§ Task prompt:
Set the whole listing down again, word for word, with no pictures.

§ Data extract:

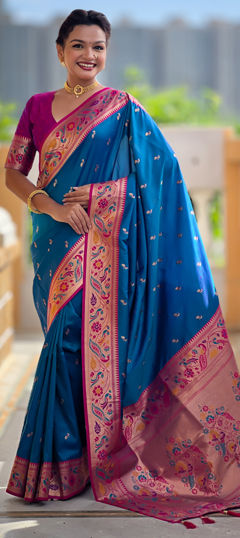Blue color Saree in Art Silk fabric with Weaving work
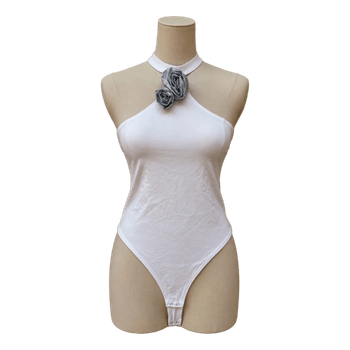 New Zara Bodysuit with Silver 3D Flowers (Size L)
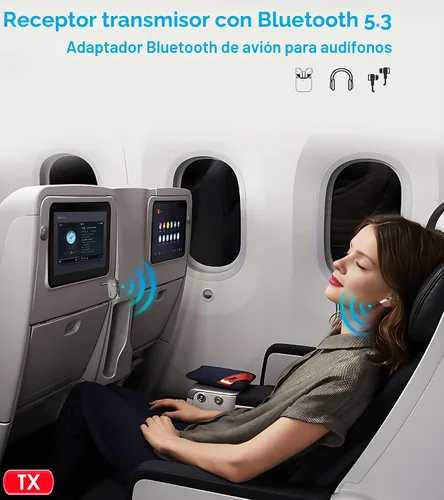 Vista 2 de Adaptador Bluetooth de avión para auriculares AirPods, transmisor Bluetooth para TV/PC/gimnasio, receptor de audio de 3.5mm para estéreo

§ Solution to this task:
Blue color Saree in Art Silk fabric with Weaving work
 New Zara Bodysuit with Silver 3D Flowers (Size L)
 Vista 2 de Adaptador Bluetooth de avión para auriculares AirPods, transmisor Bluetooth para TV/PC/gimnasio, receptor de audio de 3.5mm para estéreo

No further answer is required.